2) O Evangelista visa inculcar verdadeira ressurreição dos mortos; em caso contrário, não teria falado de abertura dos sepulcros, mas apenas de aparições dos defuntos na Cidade Santa. Remova-se, portanto, a idéia de que as almas desses justos se manifestaram por meio de figuras corpóreas meramente artificiais.

3) E porque terão realmente ressuscitado tais defuntos? —Para dar aos vivos um testemunho muito evidente da vitória de Jesus sobre a morte; constituíam como que o cortejo solene do Triunfador da morte. Contribuíram assim para realçar a dignidade e a glória de Cristo perante os habitantes de Jerusalém. — Desta observação se seguem mais algumas importantes conclusões:

4) Os ressuscitados deviam ser justos recém-falecidos (não eram pessoas de épocas remotas que os contemporâneos de Jesus não pudessem reconhecer). Com efeito, para que a ressurreição desses justos tivesse significado, era preciso que seus concidadãos os houvessem conhecido em vida e pudessem atestar que de fato tinham estado mortos.

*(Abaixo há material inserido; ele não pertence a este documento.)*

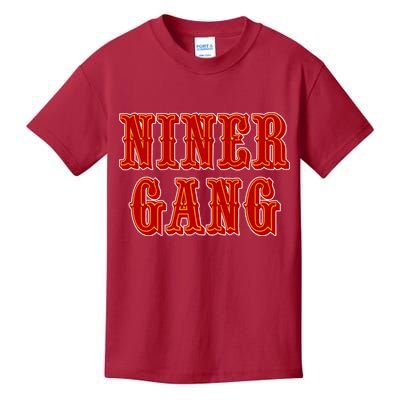Bang Bang Niner Gang San Francisco Kids T-Shirt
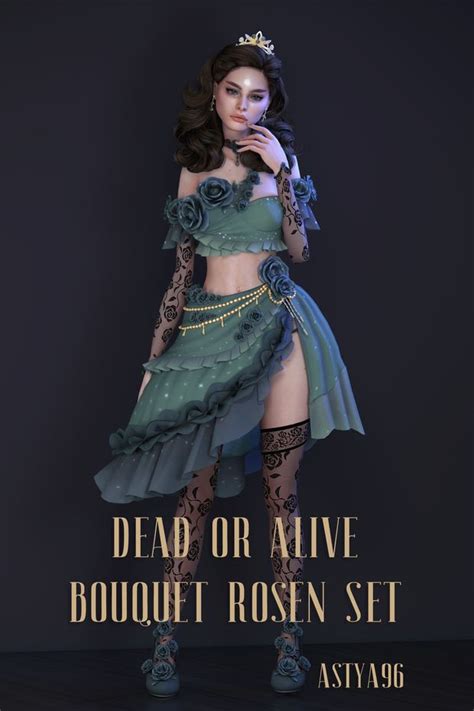 Dead Or Alive Bouquet Rosen Set Astya96 On Patreon Sims 4 Mods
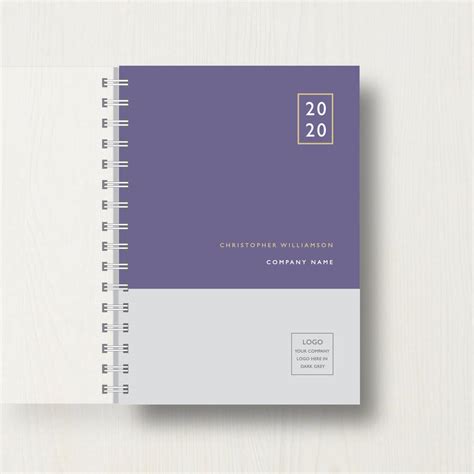 Personalised 2024 Diary For Businesses With Logo By Designed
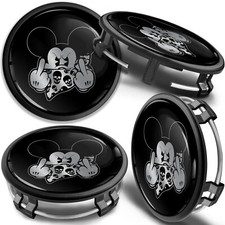 Compatible with Mercedes Benz Wheel Center Caps Alloy Hub Rims 75mm Tuning Black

5) A qualidade dos corpos desses ressuscitados devia ser gloriosa, correspondente à que São Paulo descreve em 1Cor 15,35-44. Não ressuscitaram, portanto, como Lázaro, num corpo mortal; era, sim, consentâneo que tais justos, constituindo o cortejo do Divino Salvador, tivessem corpo semelhante ao do Senhor ressuscitado. É isto, aliás, o que insinua a expressão «apareceram a muitos na Cidade Santa» utilizada pelo S. Evangelista: o verbo «aparecer» sugere um modo de se tornar presente diverso do modo como habitualmente a matéria se nos torna visível.

6) Por conseguinte, é lógico dizer que os justos ressuscitados de Mt 27, 52 não voltaram ao sepulcro, mas com Cristo subiram diretamente aos céus, em corpo e alma.

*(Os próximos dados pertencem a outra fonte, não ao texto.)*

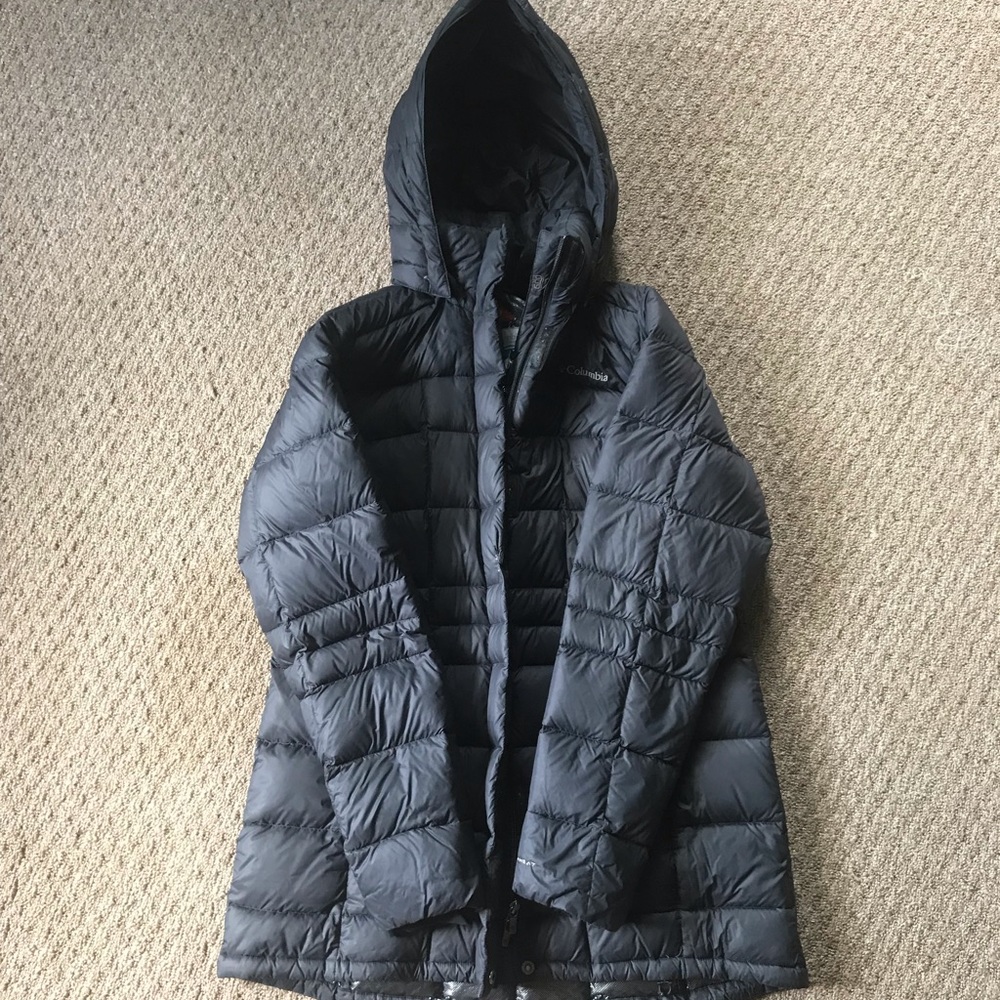 Columbia long down coat jacket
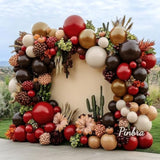 Red Balloon Arch Kit: Western Wedding, Birthday, Party Decor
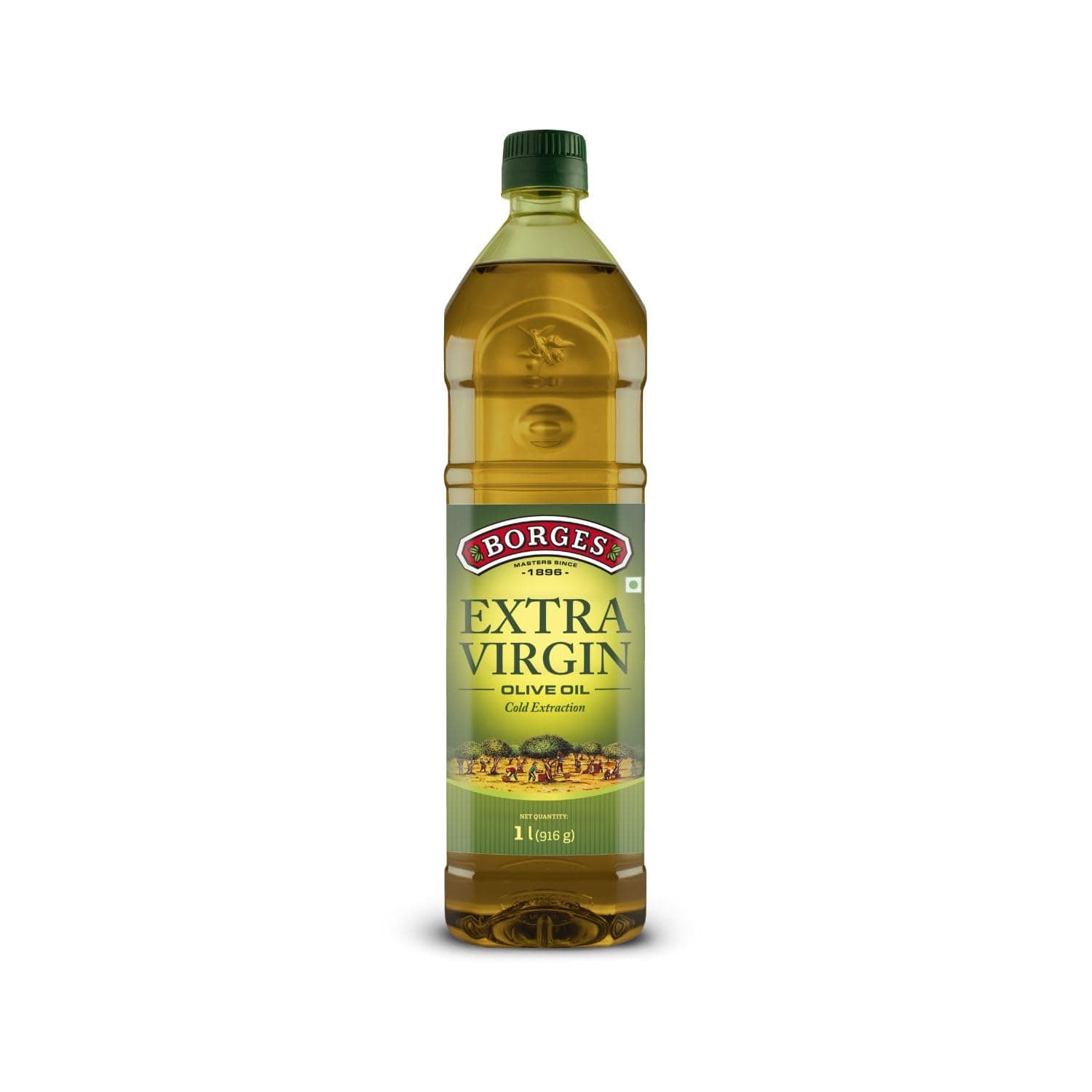 Borges Extra Virgin Olive Oil - 1L PET |Unrefined & Cold Pressed Oil|Packed in Spain |75% MUFA | Rich in Antioxidants | Ideal For low heat cooking like sauteing & grilling, salad dressing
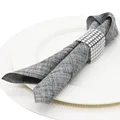 Table Runner/Napkins/10pcs Napkin Rings/Chair Knot Imitation Linen Polyester Square Handkerchief for Wedding Home Party Deco preview-3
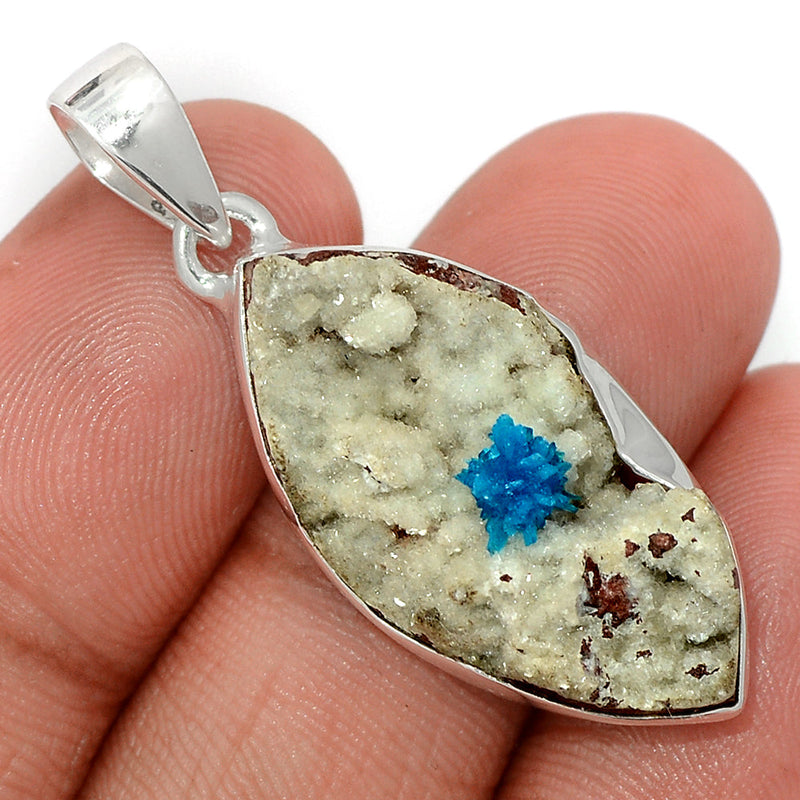 1.6" Cavansite Crystal Pendants - CNCP566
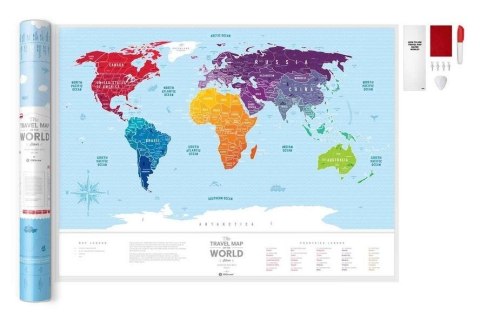 Mapa zdrapka - Travel Map Silver World Mapa zdrapka - Travel Map Silver World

É verdade que S. Agostinho (ep. 164,9) e exegetas posteriores julgam haverem tais justos morrido de novo. Esta opinião porém não prevaleceu entre os comentadores, sejam antigos, sejam recentes, os quais ponderam as seguintes razões: os justos de Mt 27,52, tendo ressuscitado para dar testemunho da ressurreição do Senhor, deviam estar plenamente configurados a Cristo; ora Jesus, uma vez ressuscitado, já não morre. Ademais, se a Providência os tivesse chamado à vida de novo para mais uma vez os fazer morrer, ter-lhes-ia com isto infligido uma pena, e não um benefício — o que seria pouco condizente com a Perfeição Divina.

S. Agostinho apoiava sua tese de «condenação à morte» na proposição de Hebr 11,40, segundo a qual os justos da Antiga Lei não devem atingir a sua consumação sem nós, povo da Nova Lei (não se entenderia, portanto, que a ressurreição gloriosa e definitiva já tivesse sido dada a santos do Antigo Testamento). A esta dificuldade, porém replicar-se-á que a afirmação de Hebr 11 não exclui a possibilidade de algumas poucas exceções, como terão sido as que Mt 27 insinua.

7) Fica aberta a questão: onde estão localizados os corpos desses justos, dado que com Cristo tenham subido aos céus no dia da Ascensão solene do Senhor? — Nada de preciso nos diz a Revelação sobre o assunto, como já observamos em «P. R.» 27/1960, qu. 3. As conjeturas seriam mais ou menos vãs.